NSF’s Physics Division announced awards for five Physics Frontiers Centers — four of which are renewals and one which is a new center. NSF now has a total of 10 of these active centers that focus on various aspects of physics.
The centers are renewed with new focuses and activities.
JINA will now be known as the Joint Institute for Nuclear Astrophysics – Center for the Evolution of the Elements (JINA-CEE) and have four core institutions: Michigan State University, Notre Dame, Arizona State University and University of Washington.
The four core institutions of JINA-CEE, along with their 18 associated domestic institutions and partnerships with other international centers, bring together nuclear physics and astrophysics for theoretical, computational and laboratory investigations. JINA-CEE will explore two closely connected topics: the origin of the elements beyond those created in the Big Bang and the properties of dense matter in neutron stars. The Physics Frontier Center will use interdisciplinary visitor, school and workshop programs to engage K-12, undergraduate and graduate students, teachers and the public.
“JINA-CEE has broadened its activities,” said Michael Wiescher, Notre Dame’s Freimann Professor of Nuclear Physics. “A new major focus is the physics of dense matter and neutron stars. Since Notre Dame hired Tim Beers, Notre Dame assumes with MIT the responsibility for the study of very old stars. On the experimental site, the NSL is next to the National Superconducting Cyclotron Laboratory at MSU, the lead institution. Particularly important for JINA-CEE is the new accelerator on campus, but also our latest initiative, a small accelerator located 4,500 feet below ground in the Black Hills in South Dakota to study nuclear reactions in a cosmic ray-free environment.”
As the founding director of JINA, Wiescher has had a front-row seat for the evolution of the Physics Frontier Center.

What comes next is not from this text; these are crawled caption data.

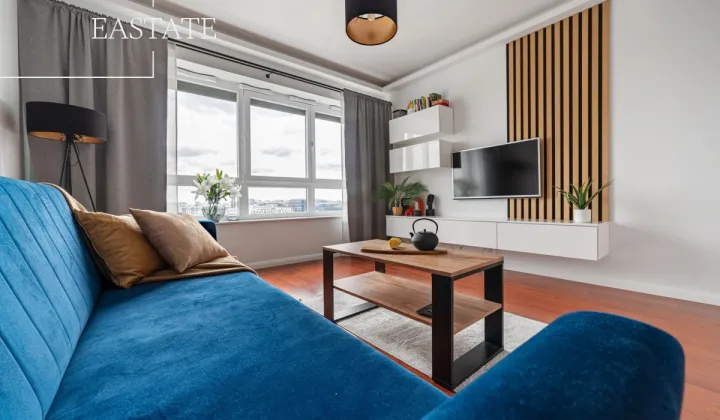 Mieszkanie 1-pokojowe Warszawa Mokotów, ul. Jana Pawła Woronicza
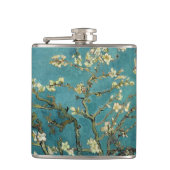 Almond Blossom Flachmann (Vorderseite)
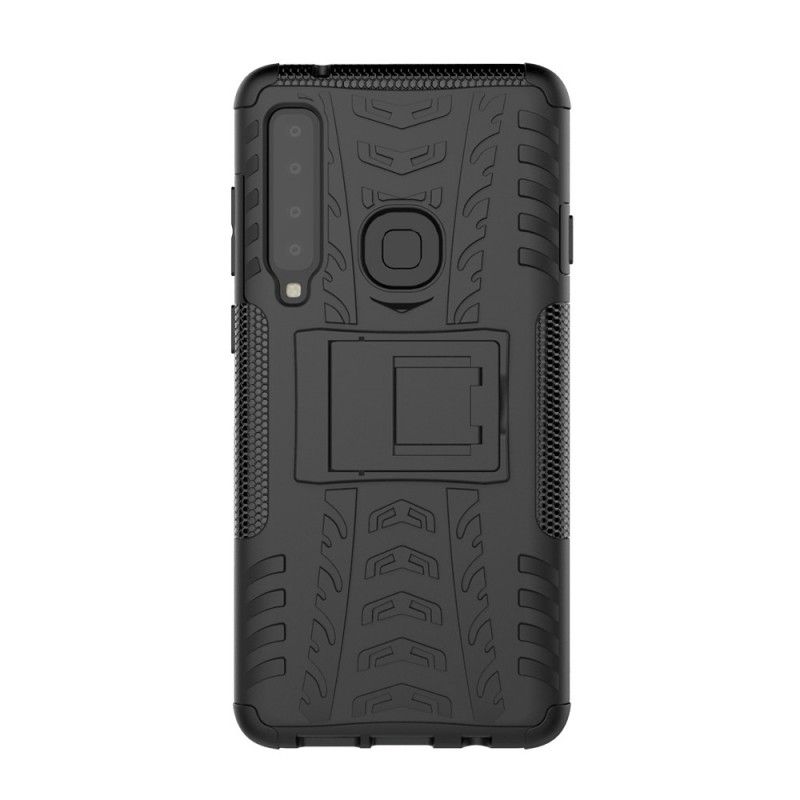 Skal Samsung Galaxy A9 Svart Ultra Motstånd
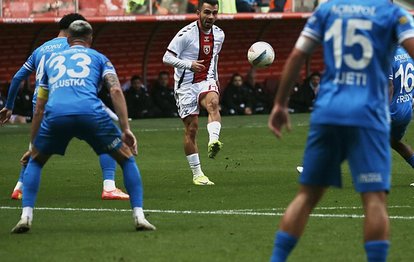Samsunspor 4 - 0 Bodrum FK MAÇ SONUCU ÖZET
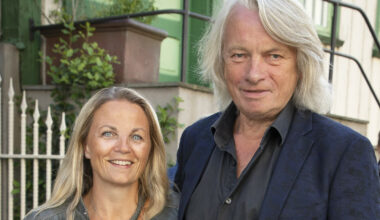 Jan Eggum avslører brudd og ny kjæreste i Bergen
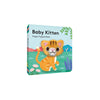 Baby Kitten: Finger Puppet Book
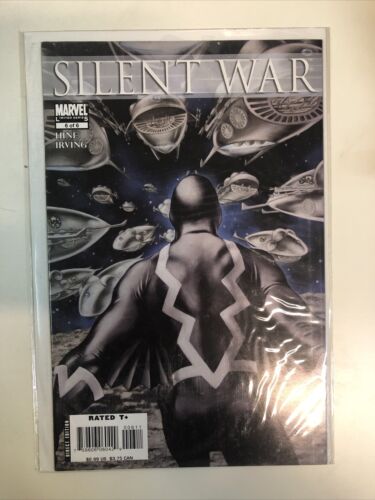 Silent War (2007) Complete Limited Series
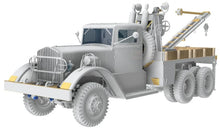 Load image into Gallery viewer, Thunder Model 1/35 US Heavy Wrecker Ward LaFrance Model 1000 - Series 1 35009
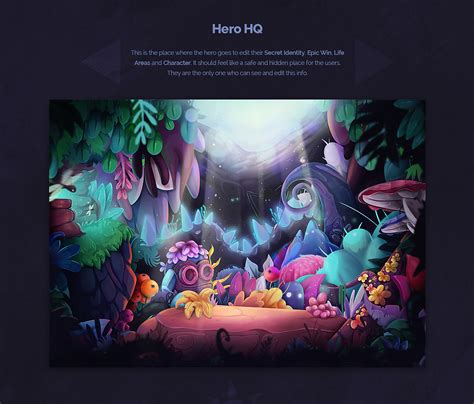 SuperBetter at Work :: Behance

“It emerged from a small Midwest collaboration to a multi-institutional international research entity, with many collaboration agreements and research activities with the major nuclear physics research institutions in the U.S., Europe, China, India, Japan, Australia, South Africa, Brazil, Mexico, Canada, Jordan, Israel, Turkey, Austria, Germany, Hungary, Romania, France, Italy, U.K. and Russia," Wiescher said.
“There are about 10 Physics Frontier Centers funded by NSF. They are being funded for a time period of five years. After five years they must re-compete. JINA is one of the few centers that successfully competed for a third term.”